In attesa dell’arrivo del carroattrezzi, i due militari dell’Arma sono stati aggrediti ferocemente dall’uomo che ha rifilato una testata all’altezza della spalla a uno dei due, mentre ha afferrato il braccio dell’altro carabinieri sbattendolo con violenza contro l’auto.

Con non poca difficoltà i due militari sono riusciti a bloccarlo e a farlo entrare nella gazzella di servizio. Una volta dentro, il 47enne, seduto sul sedile posteriore, ha continuano a rifilare calci e pugni al carabinieri che si trovava all’interno dell’auto. Nel frattempo la folla di persone ha iniziato a inveire contro l’altro militare, suggerendo all’uomo di simulare un’aggressione.
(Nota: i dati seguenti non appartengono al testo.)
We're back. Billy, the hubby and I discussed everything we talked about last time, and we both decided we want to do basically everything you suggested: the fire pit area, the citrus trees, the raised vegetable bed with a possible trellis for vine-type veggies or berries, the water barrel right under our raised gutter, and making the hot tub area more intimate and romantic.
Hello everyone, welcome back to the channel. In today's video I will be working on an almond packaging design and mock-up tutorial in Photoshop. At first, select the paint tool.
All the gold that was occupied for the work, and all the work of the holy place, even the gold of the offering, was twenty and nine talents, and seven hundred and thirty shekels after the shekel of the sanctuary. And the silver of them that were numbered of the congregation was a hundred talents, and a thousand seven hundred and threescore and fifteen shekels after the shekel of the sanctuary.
Si sono vissuti momenti concitati, con alcuni presenti che hanno iniziato a girare anche dei video, poi pubblicati sui social, dai quali non emerge, tuttavia, alcuna violenza commessa dai due carabinieri.

L’uomo portato in caserma ha continuato ad aggredire e minacciare i militari presenti. Visitato dal 118, non ha riportato alcuna escoriazione mentre i due carabinieri hanno avuto una prognosi di 15 giorni e 5 giorni per contusioni varie.
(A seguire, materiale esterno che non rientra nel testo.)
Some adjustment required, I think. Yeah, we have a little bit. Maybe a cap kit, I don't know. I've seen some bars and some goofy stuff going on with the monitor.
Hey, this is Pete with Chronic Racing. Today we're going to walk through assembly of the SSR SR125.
Soffrendo di disturbi psichici, il 47enne è stato riaffidato al padre.

LA NOTA DI UNIARMA – Nel tardo pomeriggio una pattuglia del Comando Stazione Carabinieri di Afragola, intenta nel recupero di un autoveicolo utilizzato per commettere rapine ai danni di distributori, rinvenuto nelle palazzine delle “Salicelle”, veniva aggredita furiosamente e senza motivo da un uomo che cagionava ai due militari gravi lesioni, il quale successivamente veniva identificato in un soggetto con complicazioni mentali.
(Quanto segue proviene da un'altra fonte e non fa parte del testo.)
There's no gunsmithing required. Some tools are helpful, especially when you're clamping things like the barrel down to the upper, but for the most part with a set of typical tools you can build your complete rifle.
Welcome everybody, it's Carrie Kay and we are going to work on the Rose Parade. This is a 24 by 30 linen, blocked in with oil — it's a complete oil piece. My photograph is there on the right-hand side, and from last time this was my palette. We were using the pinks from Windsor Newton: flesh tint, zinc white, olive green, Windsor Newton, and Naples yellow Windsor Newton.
Grave è l’atteggiamento di un gruppo di persone abitanti nelle “Salicelle”, che intervenivano spontaneamente ed invece di aiutare i Carabinieri in difficoltà, incitavano tale uomo a provocarsi volontariamente lesioni per accusare i Carabinieri di violenze.

Ora come mai, i Carabinieri vengono trattati, da una parte dei cittadini, come dei nemici da prevaricare anche con la forza, dimenticando che invece i Carabinieri sono parte integrante della cittadinanza e operano per il bene della società tutta, anche immolando la propria vita, come tante volte è successo nelle Storia.
UNARMA Associazione Sindacale Carabinieri rappresenta la propria vicinanza ai Carabinieri feriti ed a tutti i militari della Stazione di Afragola, che a causa della pandemia in atto stanno lottando con il poco personale rimasto e non contagiato, affrontando le difficoltà che tutti i giorni vivono solo per compiere il proprio Dovere.